Task directions:
The answer must consist solely of the lines below starting at the one containing "a view of a yard with wooden fence" and ending at the one containing "Close-up of gold-tone", repeated exactly, with both ends included and all pictures omitted.

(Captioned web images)
+ + + +
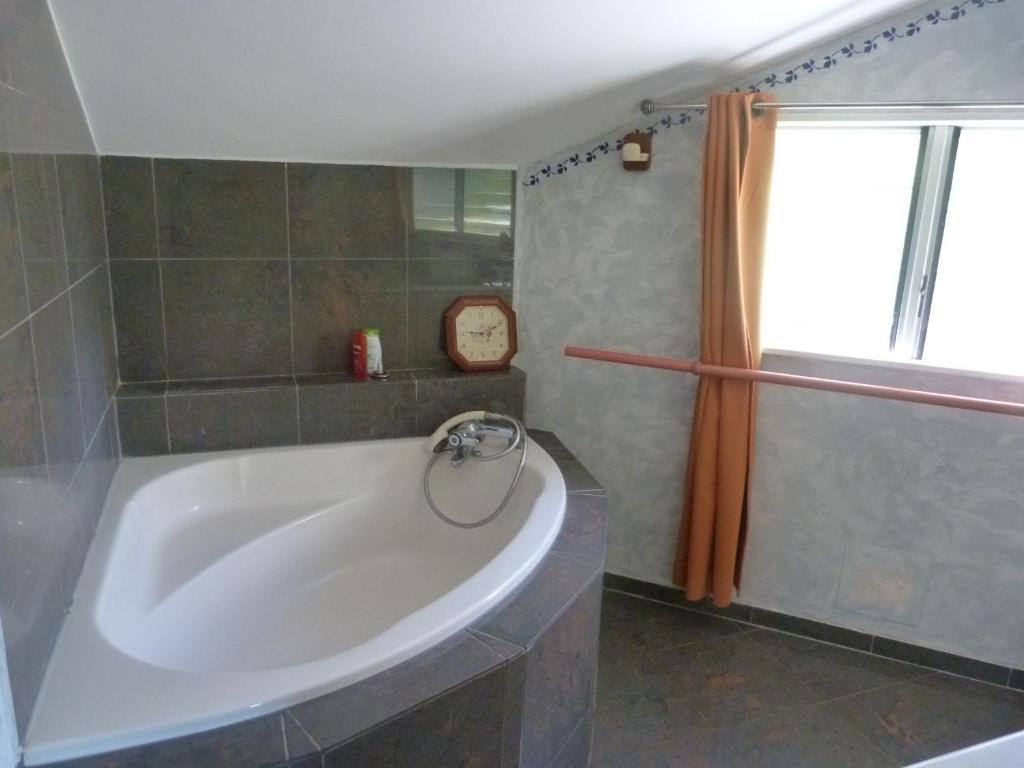 Ein Badezimmer in der Unterkunft Villa Flamboyant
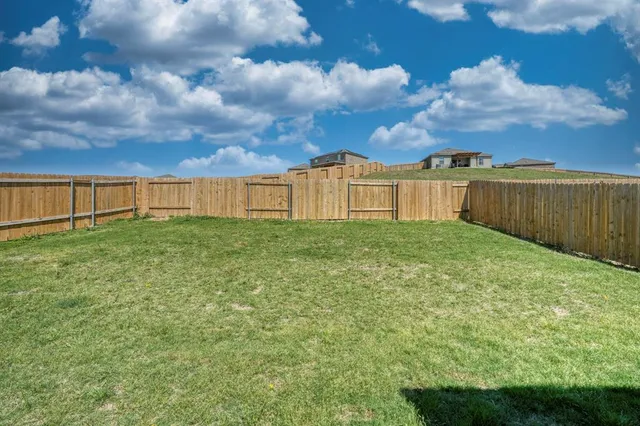 a view of a yard with wooden fence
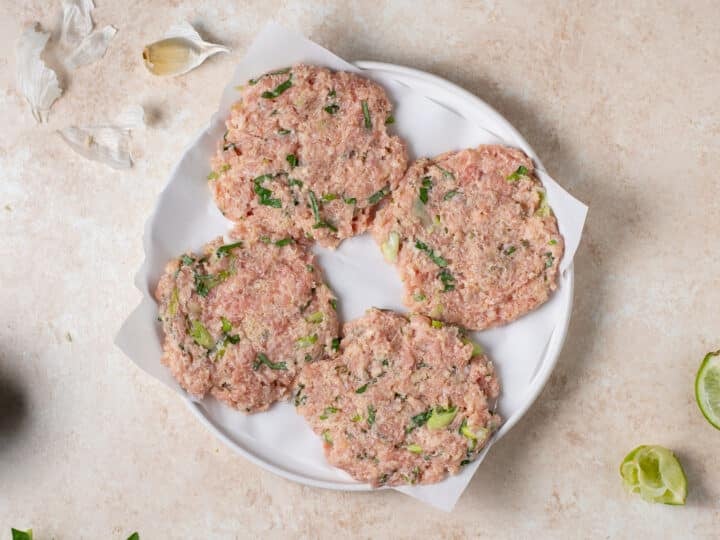 uncooked chicken patties shaped and placed on parchment paper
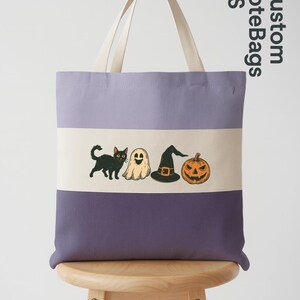 May include: A purple and cream tote bag with a Halloween-themed design. The bag features a black cat, ghost, witch hat, and jack-o'-lantern. The text "Custom Tote Bags US" is printed on the side. The bag has cream-colored handles.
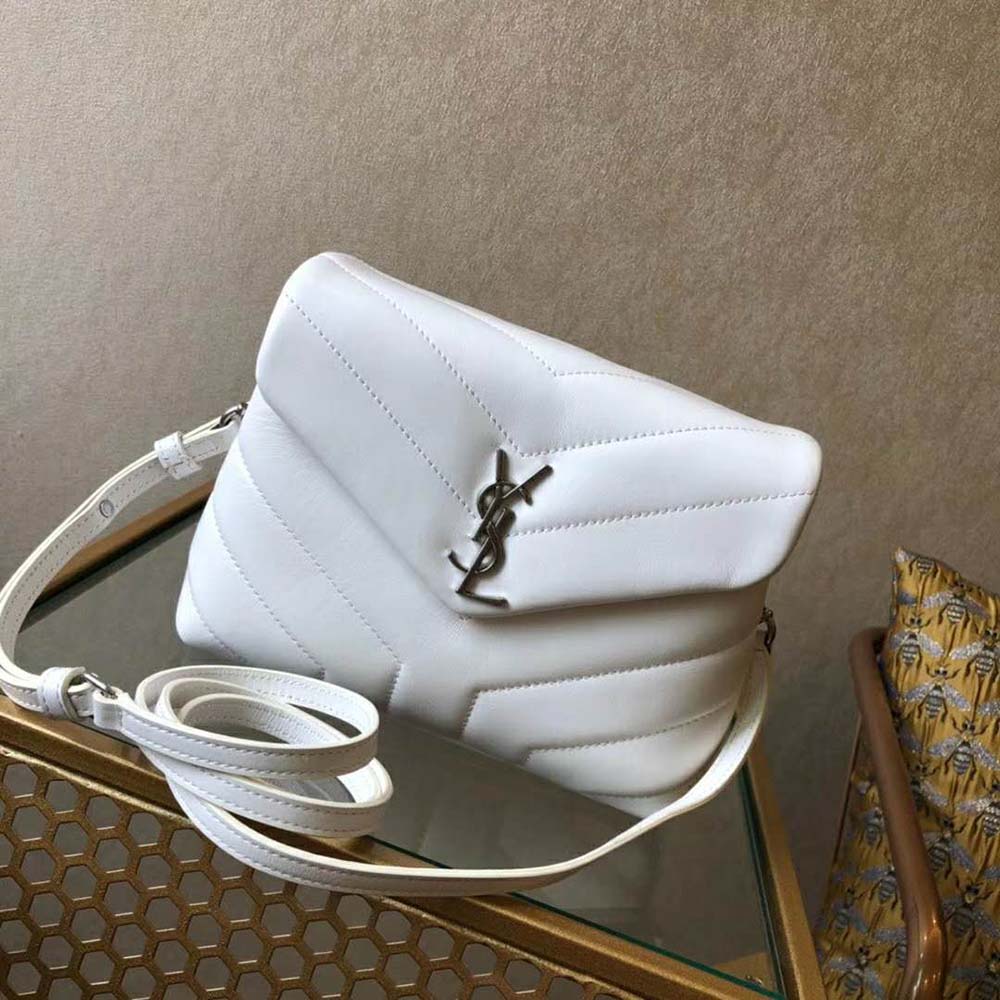 Close-up of gold-tone YSL hardware on white quilted leather bag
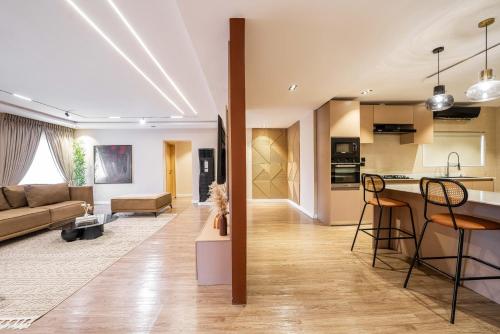 a living room and kitchen with a couch and a table at George Residence SDA Court, Banana Island, Ikoyi in Lagos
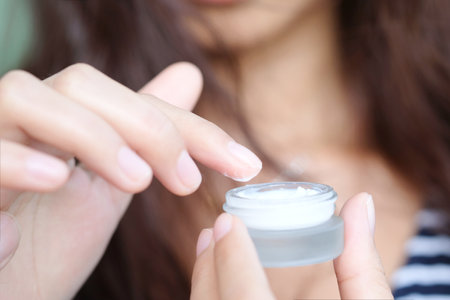 hands of a beautiful woman Dropping serum collagen moisturizer of face into clear yellow bottle soft light background. Protector skin Treatment facial essence oil, Vitamin C. Beauty and spa Conの写真素材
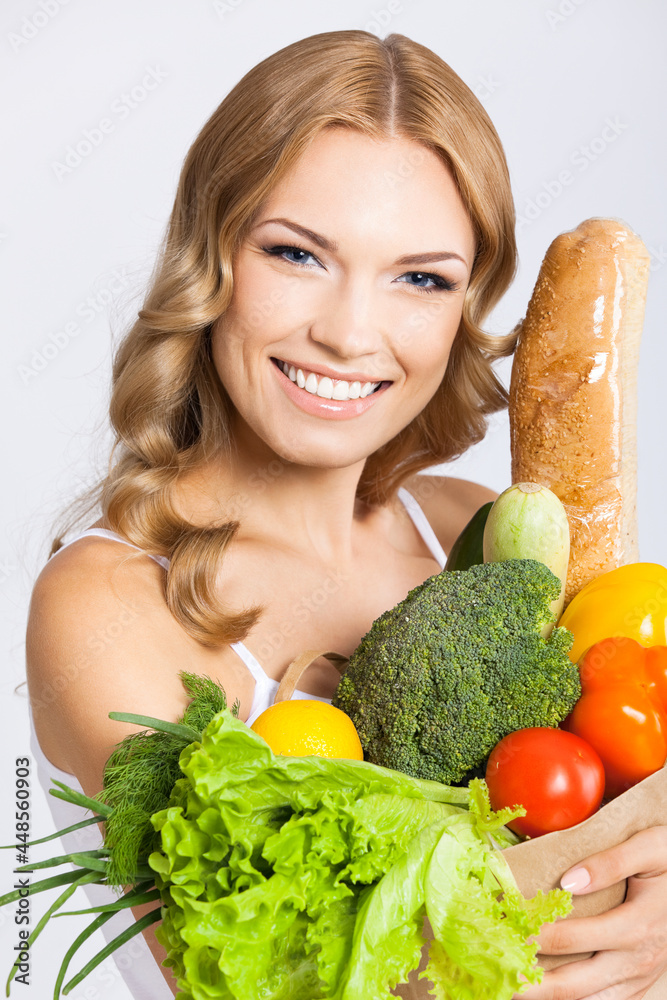 Portrait photo of happy smiling young beautiful woman holding grocery shopping bag with healthy vegetarian raw food, isolated on gray background. Attractive blond girl at studio. Portrait photo of happy smiling young beautiful woman holding grocery shopping bag with healthy vegetarian raw food, isolated on gray background. Attractive blond girl at studio.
+ + + +
Response to the exercise:
 a view of a yard with wooden fence
 uncooked chicken patties shaped and placed on parchment paper
 May include: A purple and cream tote bag with a Halloween-themed design. The bag features a black cat, ghost, witch hat, and jack-o'-lantern. The text "Custom Tote Bags US" is printed on the side. The bag has cream-colored handles.
 Close-up of gold-tone YSL hardware on white quilted leather bag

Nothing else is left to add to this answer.